15. As we see it, the power under Section 17A is an independent power. It is not related to the power available under Section 11 of the Act. It is open to the Central Government to reserve an area in terms of Section 17A(1) if it is thought expedient and it is in the interests of the nation or that it is necessary to conserve a particular metal or ore or the area producing it. It is also open to the Central Government to decide that such area should be exploited by a company or corporation owned or controlled by it. Of course, that situation has not arisen in this case. Under sub-section (2) of Section 17A, with the approval of the Central Government, the State Government may reserve any area not already held under any prospecting licence or mining lease for undertaking the exploitation through a Government company or corporation owned or controlled by it and on fulfilling the conditions referred to in sub-section (2) and in an appropriate case, also the conditions of sub-section (3). Again, the exercise of power by the State Government under sub-section (2) of Section 17A has no reference to the entertaining of applications under Section 11 or the preferences available thereunder. The area in question was under a mining lease to TISCO and after the mining lease expired, the area of 436.295 hectares had not been leased out to any other person.

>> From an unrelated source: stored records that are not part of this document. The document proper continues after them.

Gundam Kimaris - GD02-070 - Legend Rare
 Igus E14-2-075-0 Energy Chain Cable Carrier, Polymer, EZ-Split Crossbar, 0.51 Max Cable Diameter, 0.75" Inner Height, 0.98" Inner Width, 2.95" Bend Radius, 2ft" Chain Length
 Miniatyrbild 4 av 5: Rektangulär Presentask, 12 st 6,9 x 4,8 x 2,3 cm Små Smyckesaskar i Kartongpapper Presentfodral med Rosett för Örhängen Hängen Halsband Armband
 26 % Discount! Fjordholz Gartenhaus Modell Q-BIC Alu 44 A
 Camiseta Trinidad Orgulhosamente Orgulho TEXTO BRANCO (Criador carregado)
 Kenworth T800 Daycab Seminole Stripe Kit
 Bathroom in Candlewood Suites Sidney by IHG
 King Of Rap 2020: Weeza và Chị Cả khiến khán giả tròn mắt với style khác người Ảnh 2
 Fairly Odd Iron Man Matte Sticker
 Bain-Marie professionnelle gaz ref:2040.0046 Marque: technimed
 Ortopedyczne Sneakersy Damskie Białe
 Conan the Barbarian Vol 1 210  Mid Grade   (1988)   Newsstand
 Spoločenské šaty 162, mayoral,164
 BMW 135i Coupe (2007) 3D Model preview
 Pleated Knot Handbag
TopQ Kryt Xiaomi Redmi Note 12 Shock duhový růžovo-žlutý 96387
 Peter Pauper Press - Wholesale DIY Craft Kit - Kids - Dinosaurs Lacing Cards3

According to us, nothing stands in the way of the State Government seeking the approval of the Central Government for the exploitation of that area in respect of a precious metal ore by a Government company or a corporation owned or controlled by it like OMC. Therefore, it cannot be said that the recommendation made by the State Government is per se invalid or that it is one without authority. On the scheme of the Act, the decision or recommendation under Section 17A can be taken or made until the area in question is actually leased out to any applicant in terms of Section 11 of the Act.

Here, the area had not actually been leased at this relevant time though a decision has been taken to lease out 84.881 hectares out of it and the power of the State Government saved by Section 17A (2) of the Act is in no way fettered or curtailed.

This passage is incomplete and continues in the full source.